• **Exercise prompt**
Beginning with the line in which "Handmade wool felt" appears, transcribe each line word for word until the records end. Do not include pictures.
---------- Dataset ----------
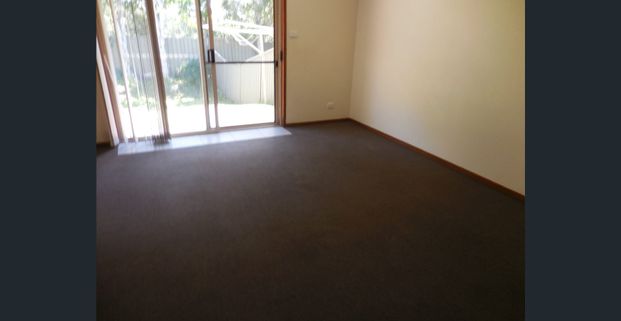 Two bedroom duplex villa with single garage - Photo 1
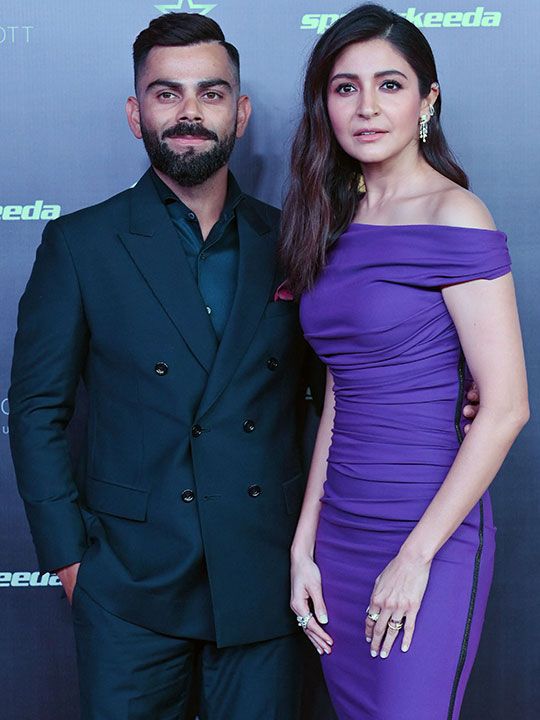 Indian cricketer Virat Kohli (L) and his wife Anushka Sharma pose during the 'Indian Sports Honours' in Mumbai on March 23, 2023. 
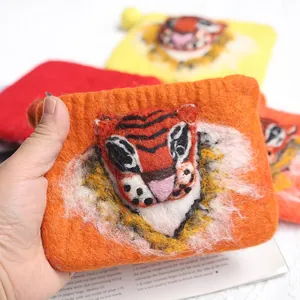Handmade wool felt tiger wallet featuring 3D animal design and bright orange texture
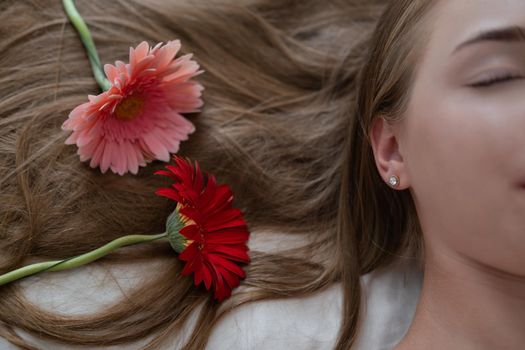 Portrait of pretty young woman with pink and red chrysanthemum flowers.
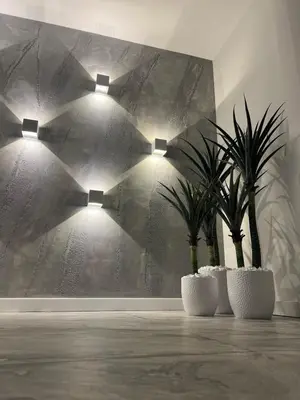 two lights in a room with two potted plants at Agate Apartment in Belgrade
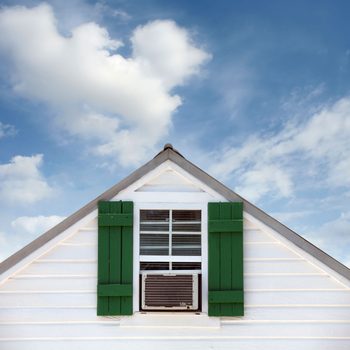 White house corner features an air conditioner in a window, flanked by green shutters, against a blue sky with clouds.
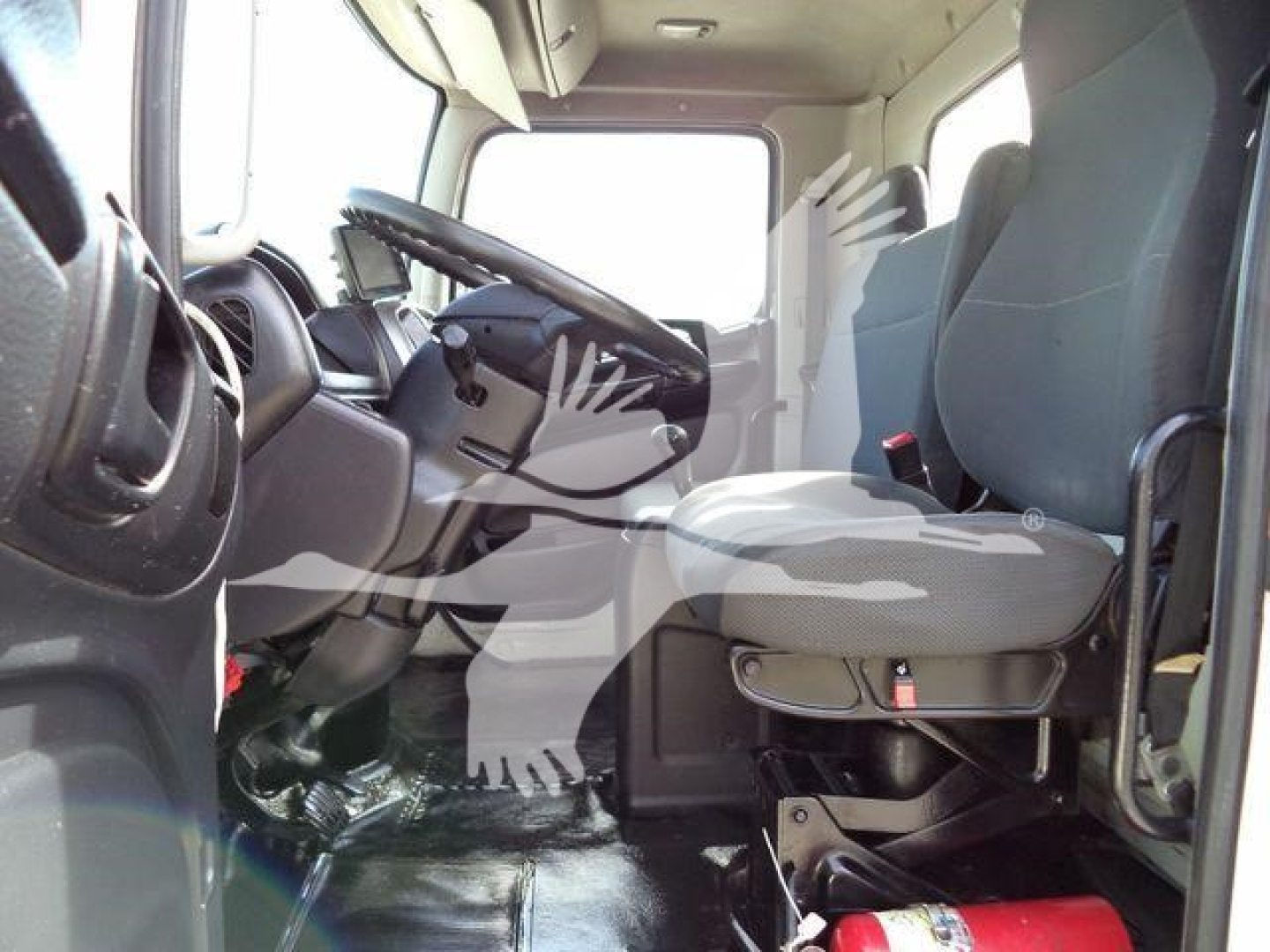 Truck cabin interior showing driver seat and steering wheel, with control panel and empty passenger seat; dash and floor mats visible.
----------
• **Result of the exercise**
Handmade wool felt tiger wallet featuring 3D animal design and bright orange texture
 Portrait of pretty young woman with pink and red chrysanthemum flowers.
 two lights in a room with two potted plants at Agate Apartment in Belgrade
 White house corner features an air conditioner in a window, flanked by green shutters, against a blue sky with clouds.
 Truck cabin interior showing driver seat and steering wheel, with control panel and empty passenger seat; dash and floor mats visible.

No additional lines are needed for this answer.